The hierarchies, formal and informal, mean that some get away with not working very much at all, at least not for their employer, while others are exploited. I don’t think unions can do much about this - but I may be wrong.
I think this is spot on @ExUCU. The issue is systematic - but perhaps in a different, and more complex ways, that UCU says it's systematic.
A crucial issue, that has been discussed in these boards over the years, is that the type of work we do does not lend itself easily to collective action. In some ways we are more akin to freelancers (like a performer, a consultant... - as also evidenced in the working hours flexibility discussed above) than employees. Except for teaching, with any other activity that we cease during industrial action (research, networking, external partnerships, etc.), we would have to sustain significant damage to our own profiles before this starts to harm the employer in any way.

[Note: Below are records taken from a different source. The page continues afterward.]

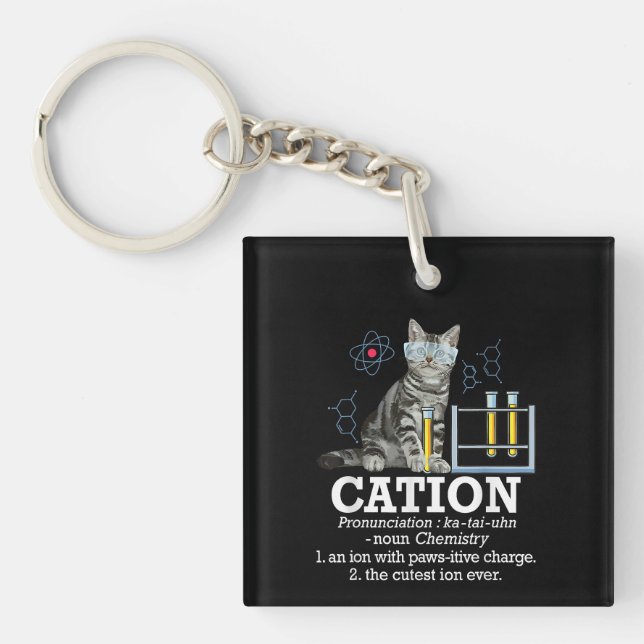 Cation Fun Chemistry Humour Science Teacher Cat Pu Key Ring (Front)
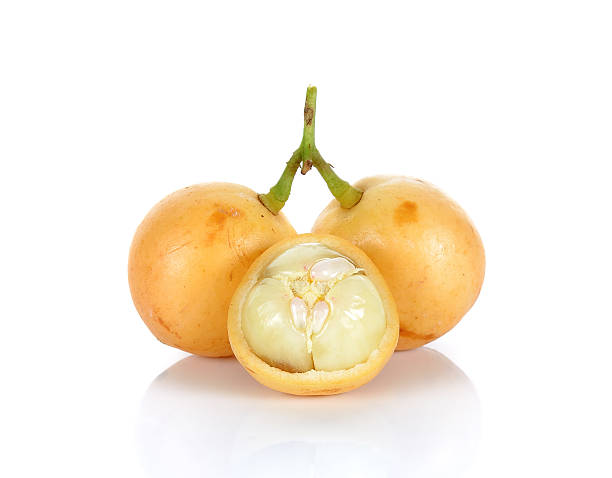 istock Mafai or Baccaurea ramiflora isolated on white background 479660072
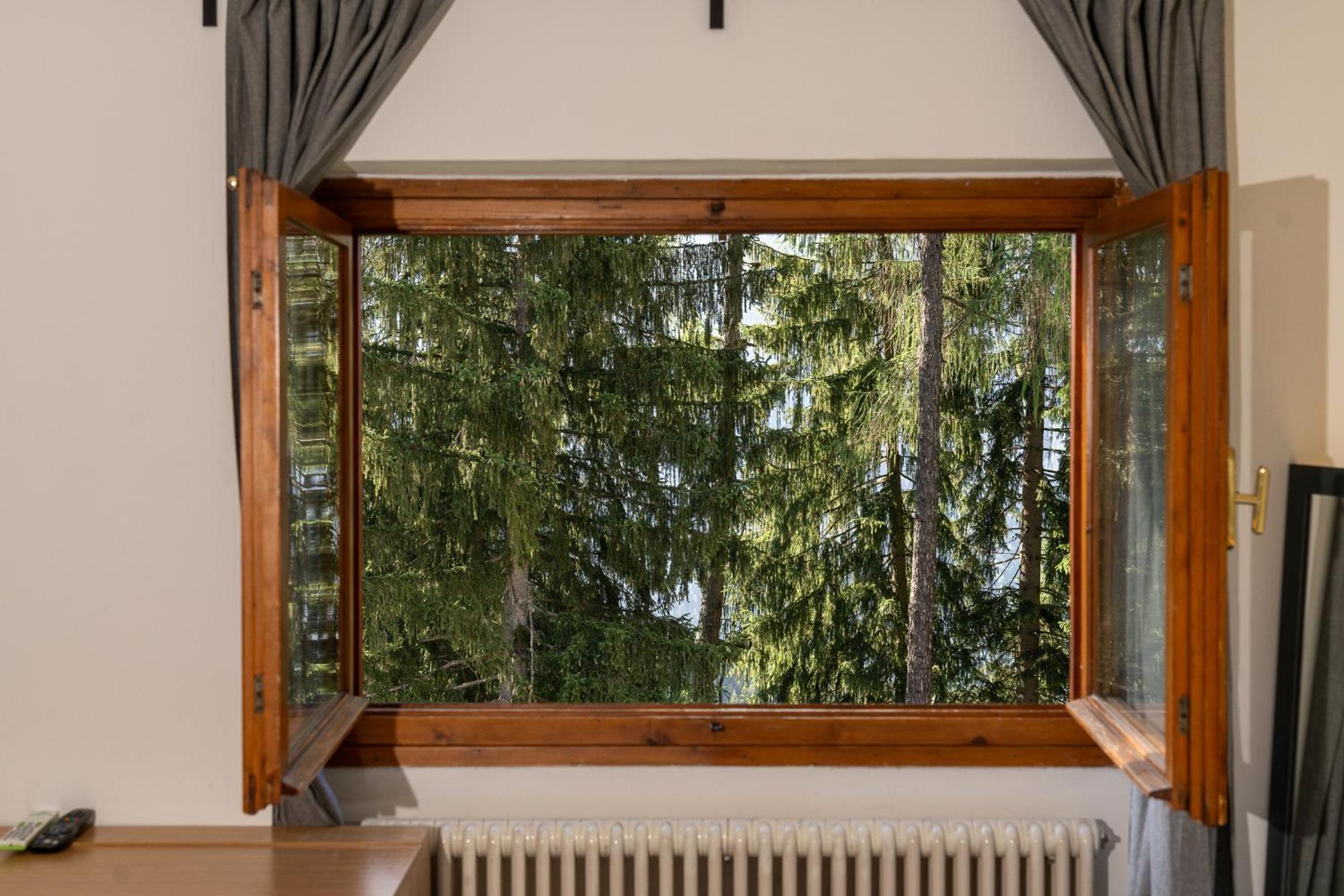 Superior Family Room
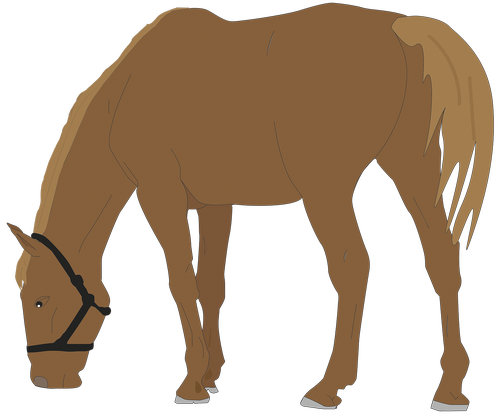 horse  horseback riding  animal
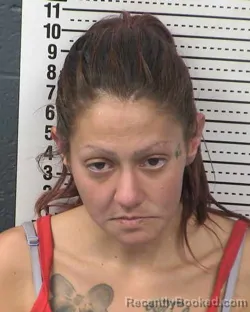 Mugshot of TRISTION N SALAZAR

I started as HoD this academic year, after 10 years of seeing a chronic staff shortage in my department that meant that even my internally and externally funded research periods could not be protected as they should. I am now starting to see that a lot of the overwork is: a) of our own making, given that the university insists that we teach fewer courses, but we have insisted on teaching more (this ties in with the above: apparently our "identity" as a department and as individual researchers is tied in with differentiating ourselves from others by offering a much vaster course choice); b) very unequally distributed, with successive HoDs allowing some staff to not do much while piling up the work on others.